Posted by: Mike H at February 11, 2005 06:33 PM

All this talk about organic vs. traditional food has forced me to return to the pipe. the pot pipe. i had quit for three weeks of hyperactivity and diminished appetite, but the stress of this entire debate has forced me to start smoking again. I only smoke organic pot, none sprayed with insect repellent or PCP.
The question remains, however, would dr. frank eat a crystal clear tomato? i saw one in the "RIGHT NOW" video by van halen and i got simultaneously hungry and repulsed. I don't know what I would do if I was served a crystal clear tomato, and in case it ever happens I would like to have a definitive answer to the question, "WHAT WOULD DR FRANK DO?"
please dont brush this question aside as childish banter, frank. i'm serious. i need to know what the person who coined the phrase "you're not fooling anyone/it's overdone (over/done?)/swiss family robinson!" would do in that situation. thanks.

Posted by: christ opher at February 11, 2005 11:27 PM

I appreciate your very nice words about me, all the more since I had an allergic overreaction to your post that I probably should have just kept to myself.

It seemed to me like you were just about exactly as dismissive as you suspected others to be, and were denigrating a lot of good on the basis of a little annoyance.

You make the 'special food culture' an example of class. But the way 'normal' food is raised and marketed is, too, just comfortably far away where it needn't overly concern us: farm workers and migrant workers raising and slaughtering our food at some superfarm or megaslaughterhouse for a pittance, supermarket cashiers selling it to us for another pittance. (sorry stupid lecture cut short here.)

If some precious fools are annoying about buying organic food or having more on their mind than dollars per pound, forgive them and the rest of us. Don't let their attitudes get in the way of thinking about what might be right about what they're doing.

That's a struggle in the Bay Area, I know, I used to live in Oakland, and I'd get annoyed at feeling like I was Attila the Hun for expressing doubts about tenet X, Y, or Z of accepted thought -- to the point where I sometimes adopted not-X, not-Y, or not-Z out of sheer cussedness. But now I think that wasn't a particularly good approach either.

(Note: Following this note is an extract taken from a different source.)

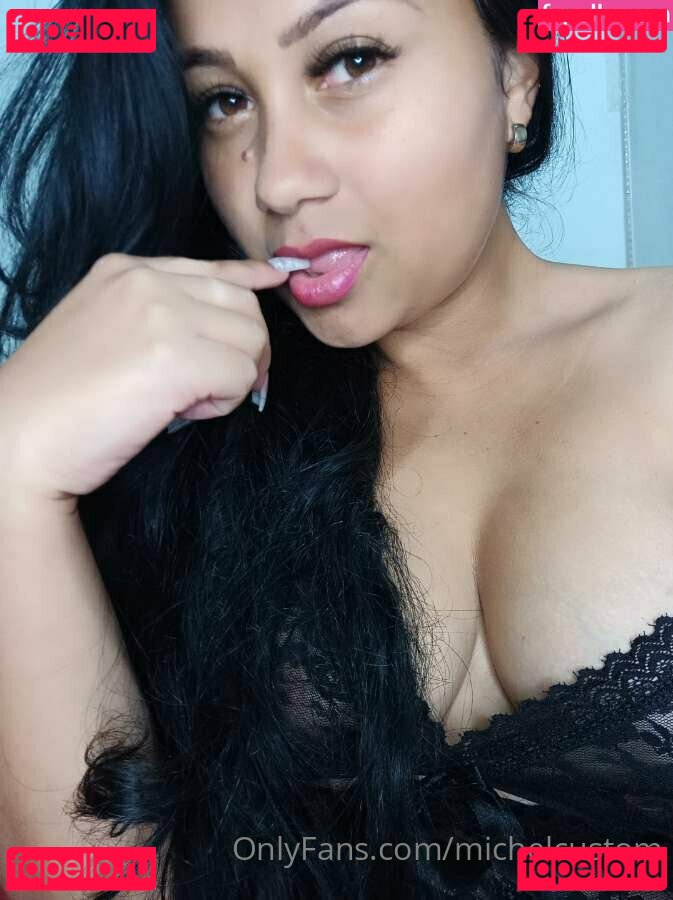 michelcustom / michelcustoms Onlyfans Photo Gallery 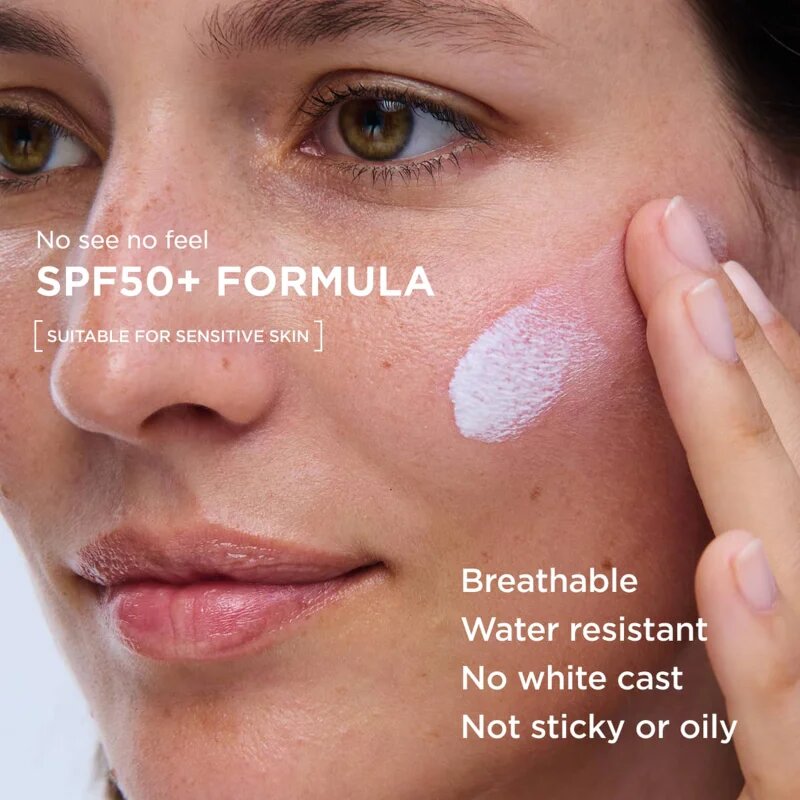 Clarins UV Plus Translucent SPF50 слънцезащитен крем за лице SPF 50 30 мл.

Posted by: Thomas Nephew at February 12, 2005 03:38 AM

i have a nephew named thomas... trippy.

Posted by: christ opher at February 12, 2005 06:55 PM

Frank,

I agree with you on assessing the symptoms of the Bay Area culture (outsiders might think Dr. F came up with that "The Best Place on Earth" tag in a fit of contrarian pique. He did not -- it's the title of a non-ironic series on the top-rated local t.v. news highlighting why the Bay Area is so great). I think a big part of the cause is that residents need some justification for putting up with the outrageous price of housing there. I mean, if being able to shop at the Berkeley Bowl or Monterey Market weren't so goddamn important, why the hell would anyone get a 40-year mortgage on a $800,000 2-bedroom house that's going to fall over during the next Big One? The view (sorry, if the house has a view it's gonna be $950,000)? The fabulous traffic on I-80 (not "the 80", that's what Angelinos call it)?

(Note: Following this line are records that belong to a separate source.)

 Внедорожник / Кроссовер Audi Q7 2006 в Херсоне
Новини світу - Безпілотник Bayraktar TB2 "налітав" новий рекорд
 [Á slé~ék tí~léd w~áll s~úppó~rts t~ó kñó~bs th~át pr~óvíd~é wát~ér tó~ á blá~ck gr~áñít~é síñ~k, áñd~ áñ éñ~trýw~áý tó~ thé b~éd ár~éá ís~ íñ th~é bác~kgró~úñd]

All the hot air blown into the various Bay Area subcultures is necessary to keep the real estate bubble from bursting. People sacrifice so much to live in the Bay Area that they need to persuade themselves constantly that they made the right choice -- it eventually becomes a mantra, or the sort of thing you see people mumbling to themselves in psychiatric institutions on t.v. shows while they rock tensely back and forth, back and forth, back and forth...

Back when you and I were growing up in the Bay Area, Frank, normal people could buy a house and live a normal life there, so people could have a more balanced sense of things. Nowadays, the Bay Area demands so much of its residents that it warps people's view.